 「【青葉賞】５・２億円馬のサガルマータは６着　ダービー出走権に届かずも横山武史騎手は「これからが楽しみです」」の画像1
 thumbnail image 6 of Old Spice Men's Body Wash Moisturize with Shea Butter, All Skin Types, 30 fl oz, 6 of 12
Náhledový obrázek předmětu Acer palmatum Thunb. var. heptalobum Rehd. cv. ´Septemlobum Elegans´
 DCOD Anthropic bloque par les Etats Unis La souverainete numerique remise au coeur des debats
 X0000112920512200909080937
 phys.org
____________________
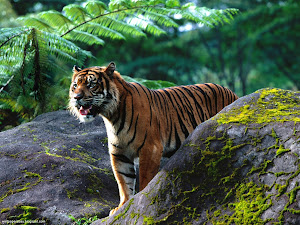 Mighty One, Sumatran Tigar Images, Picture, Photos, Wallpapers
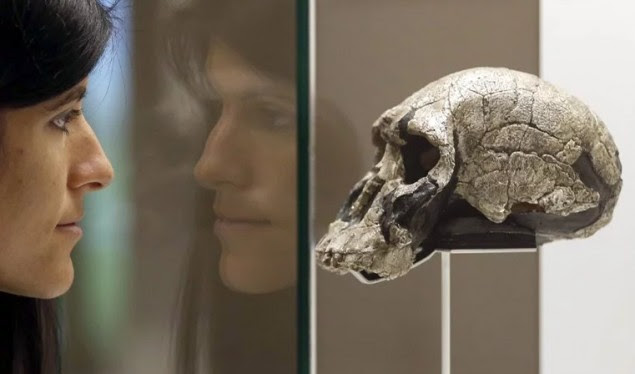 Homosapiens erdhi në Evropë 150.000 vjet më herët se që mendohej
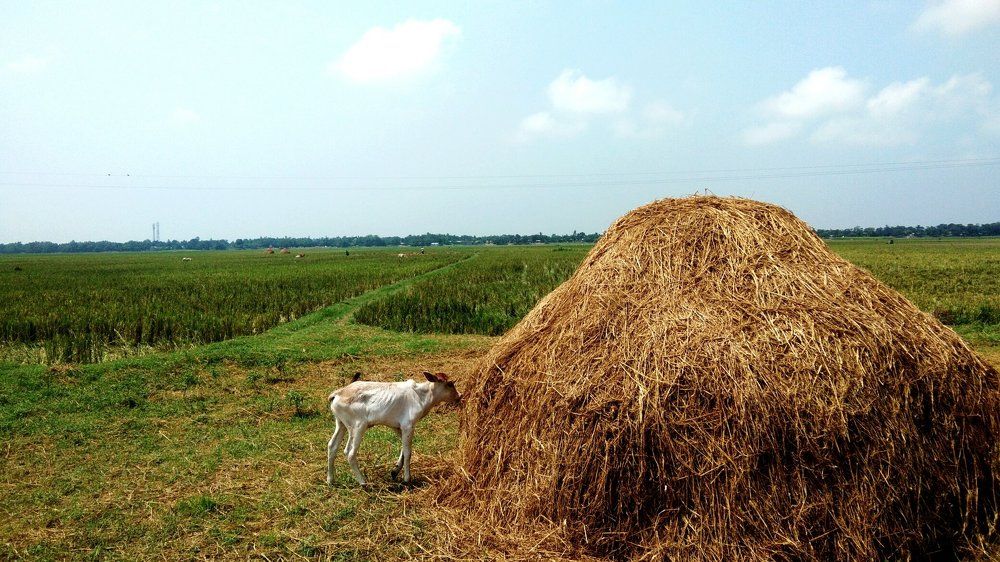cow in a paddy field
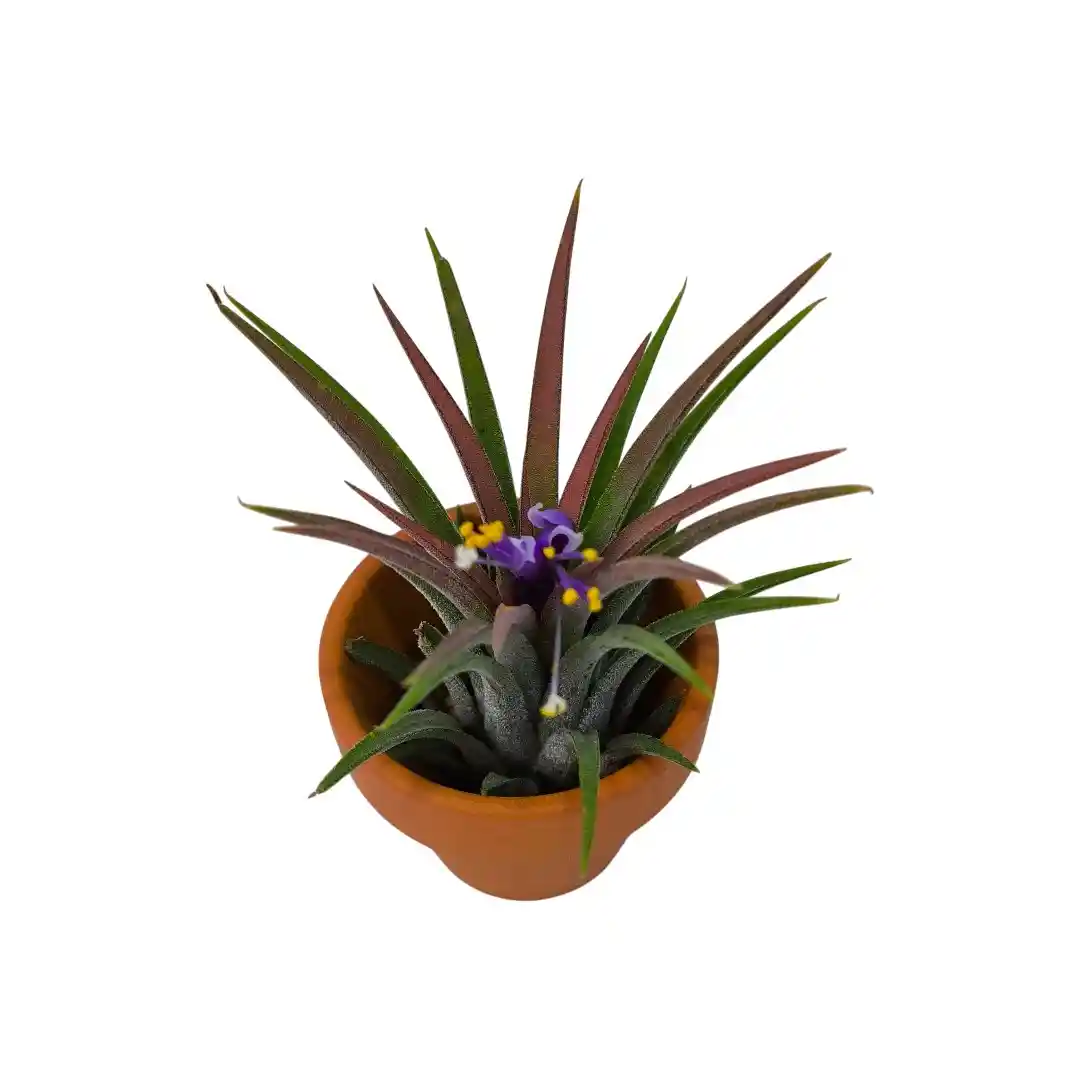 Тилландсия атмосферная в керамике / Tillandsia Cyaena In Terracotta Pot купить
____________________
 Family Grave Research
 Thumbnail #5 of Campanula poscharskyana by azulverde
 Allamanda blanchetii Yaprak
____________________
▶ **Task goal**:
The range runs from the line with "Family Grave Research" up to and including the line with "Allamanda blanchetii Yaprak" in the listing above; please write out exactly those lines and nothing more.

▶ **Reply to the task**:
 Family Grave Research
 Thumbnail #5 of Campanula poscharskyana by azulverde
 Allamanda blanchetii Yaprak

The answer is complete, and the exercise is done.